§ Work order: Set down all of the data that follows word for word, without the images.

§ Material shown:
++++++

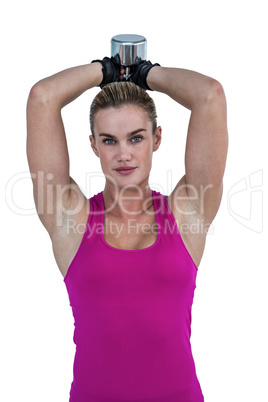 Muscular woman exercising with dumbbells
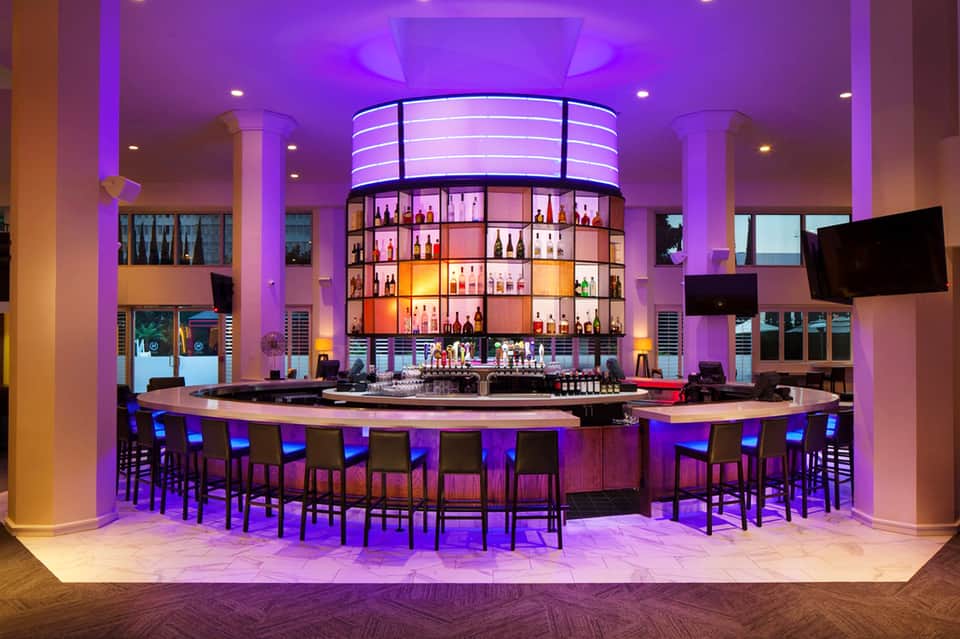 Upscale nightclub lounge with purple ambient lighting, circular bottle display bar, and modern seating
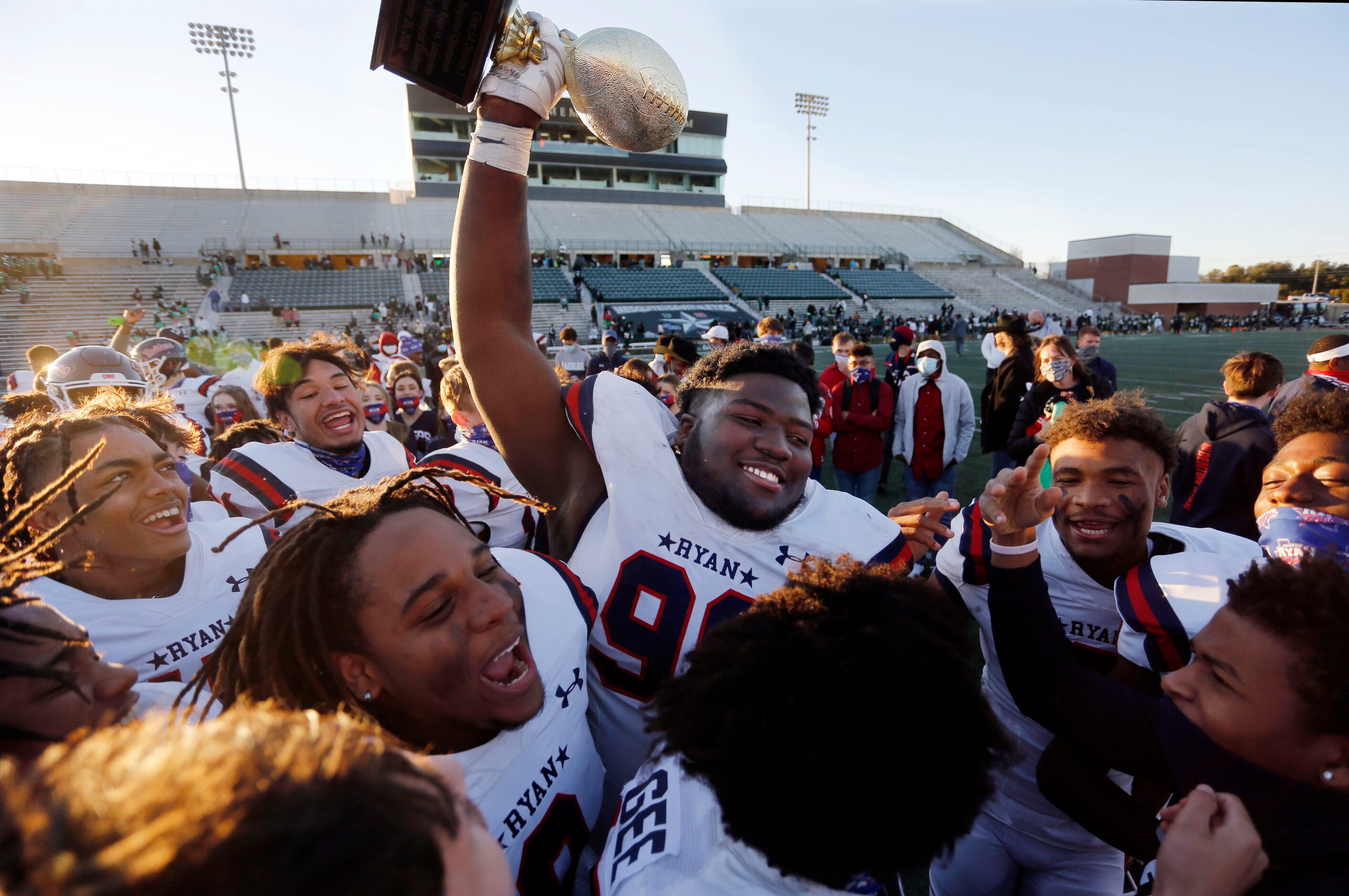 Denton Ryan’s Bear Alexander (96) holds the Class 5A Division I Region I semifinal football...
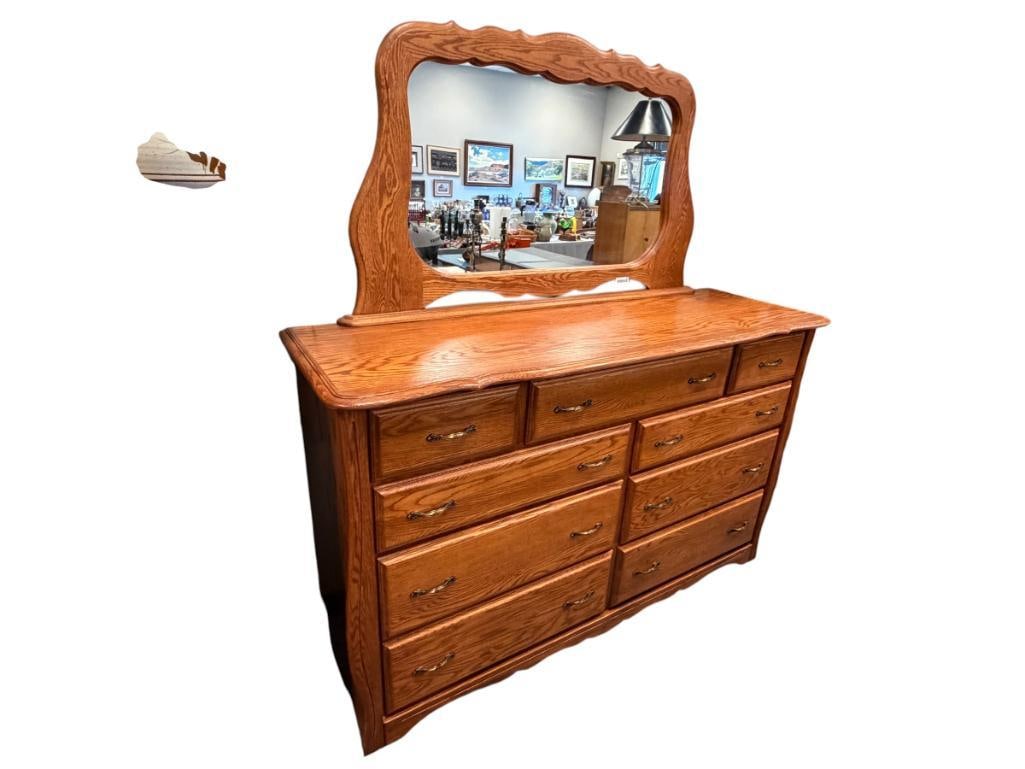 OAK NINE DRAWER DRESSER WITH ATTACHED MIRROR: FEATURES AGED BRASS HARDWARE, DOVETAIL CONSTRUCTED DRAWERS WITH BALL-BEARING SLIDES, SOLID CONSTRUCTION, NO HEAVY WEAR 69" X 22" X 43", MIRROR 55" X 32"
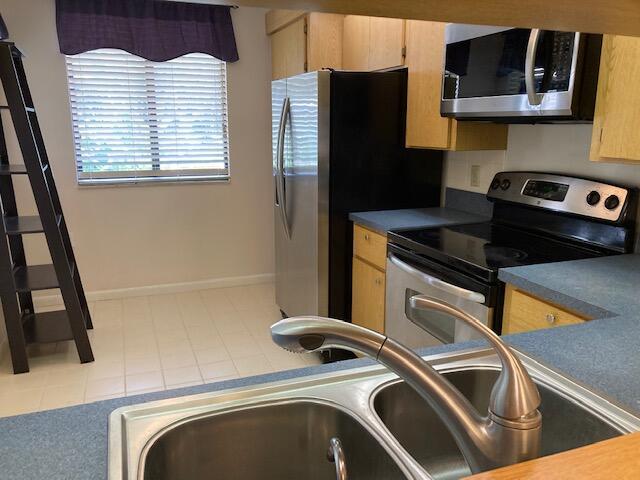 2811 Village Blvd Unit 106, West Palm Beach, FL 33409 - kitchen with stainless steel appliances, a sink, light brown cabinets, and baseboards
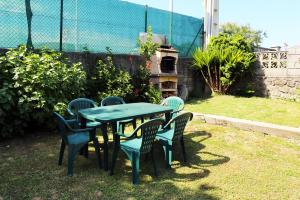 una mesa verde y sillas en un patio en Casa Sofía, en San Vicente de la Barquera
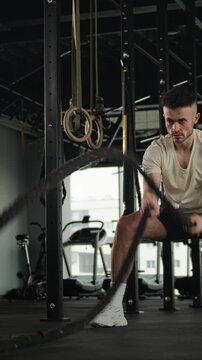 Muscular Caucasian sportsman man making waves battle ropes in gym functional workout athlete crossfit strong male guy intense training exercise sport fitness equipment strength endurance bodybuilding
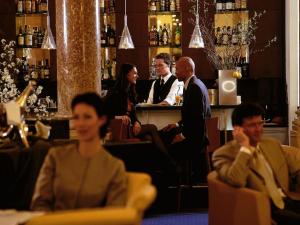een groep mensen die aan een bar zitten bij Hotel Ambassador in Wenen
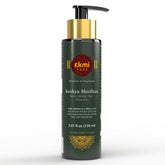 EKMIVEDA Keshya Shodhan shampoo bottle shows rosemary infusion for a healthier scalp.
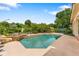 Gorgeous pool with a rock waterfall feature, nestled within a beautifully landscaped backyard at 1274 Prince Ct, Lake Mary, FL 32746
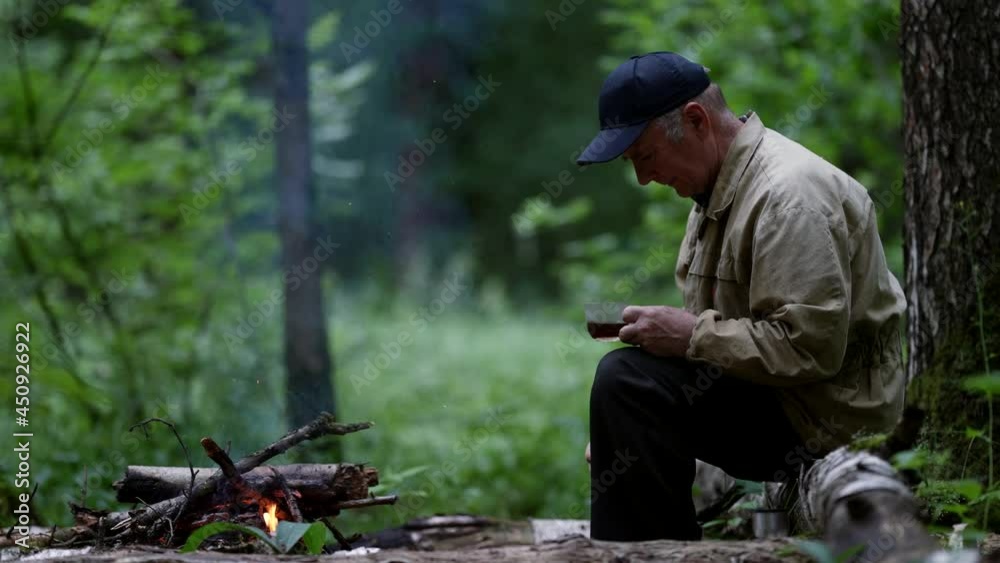 old man is trekking alone in forest, resting near campfire and drinking hot tea old man is trekking alone in forest, resting near campfire and drinking hot tea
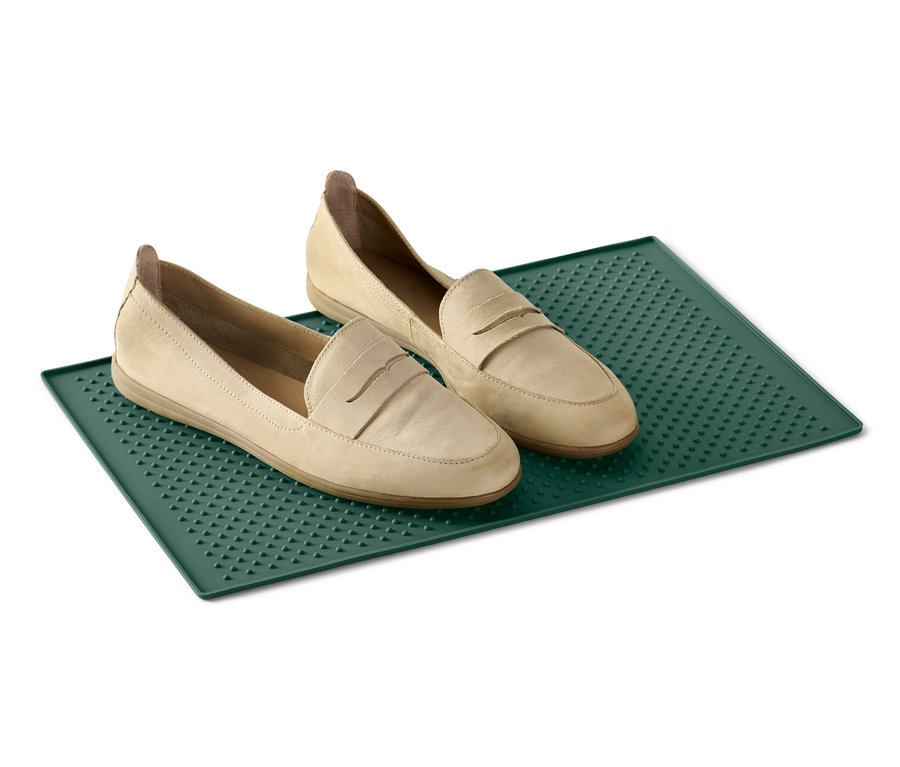 Zwei beige Slipper auf einem grünen Futternapf-Untersetzer.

++++++

§ Result:
 Muscular woman exercising with dumbbells
 Upscale nightclub lounge with purple ambient lighting, circular bottle display bar, and modern seating
 Denton Ryan’s Bear Alexander (96) holds the Class 5A Division I Region I semifinal football...
 OAK NINE DRAWER DRESSER WITH ATTACHED MIRROR: FEATURES AGED BRASS HARDWARE, DOVETAIL CONSTRUCTED DRAWERS WITH BALL-BEARING SLIDES, SOLID CONSTRUCTION, NO HEAVY WEAR 69" X 22" X 43", MIRROR 55" X 32"
 2811 Village Blvd Unit 106, West Palm Beach, FL 33409 - kitchen with stainless steel appliances, a sink, light brown cabinets, and baseboards
 una mesa verde y sillas en un patio en Casa Sofía, en San Vicente de la Barquera
 Muscular Caucasian sportsman man making waves battle ropes in gym functional workout athlete crossfit strong male guy intense training exercise sport fitness equipment strength endurance bodybuilding
een groep mensen die aan een bar zitten bij Hotel Ambassador in Wenen
 EKMIVEDA Keshya Shodhan shampoo bottle shows rosemary infusion for a healthier scalp.
 Gorgeous pool with a rock waterfall feature, nestled within a beautifully landscaped backyard at 1274 Prince Ct, Lake Mary, FL 32746
 old man is trekking alone in forest, resting near campfire and drinking hot tea old man is trekking alone in forest, resting near campfire and drinking hot tea
 Zwei beige Slipper auf einem grünen Futternapf-Untersetzer.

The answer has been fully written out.